== Material provided ==
------------------------------------

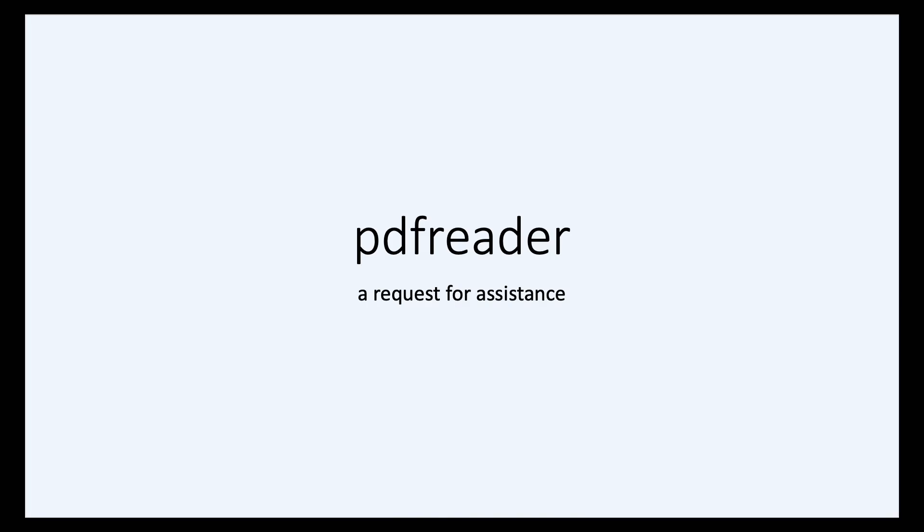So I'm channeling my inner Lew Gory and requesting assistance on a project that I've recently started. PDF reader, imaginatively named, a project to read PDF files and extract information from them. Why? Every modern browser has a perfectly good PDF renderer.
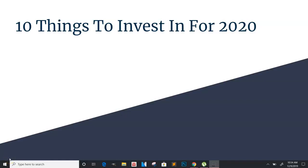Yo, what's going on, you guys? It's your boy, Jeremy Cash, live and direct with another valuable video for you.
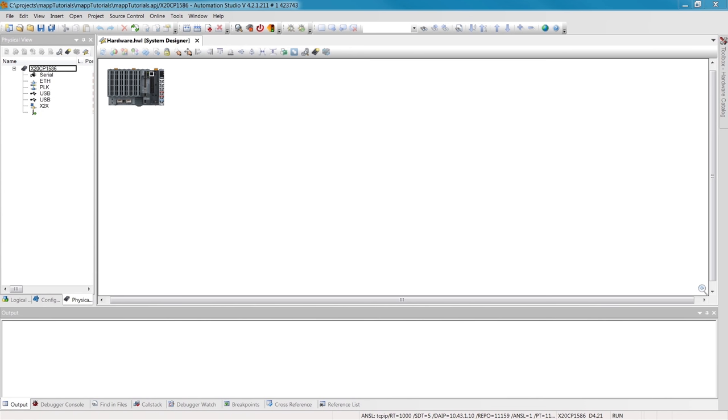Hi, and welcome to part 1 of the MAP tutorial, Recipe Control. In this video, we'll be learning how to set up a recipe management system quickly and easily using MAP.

------------------------------------

== Task to complete ==
Reproduce the listing exactly, but keep its images out of the copy.

== Expected answer ==
So I'm channeling my inner Lew Gory and requesting assistance on a project that I've recently started. PDF reader, imaginatively named, a project to read PDF files and extract information from them. Why? Every modern browser has a perfectly good PDF renderer.
Yo, what's going on, you guys? It's your boy, Jeremy Cash, live and direct with another valuable video for you.
Hi, and welcome to part 1 of the MAP tutorial, Recipe Control. In this video, we'll be learning how to set up a recipe management system quickly and easily using MAP.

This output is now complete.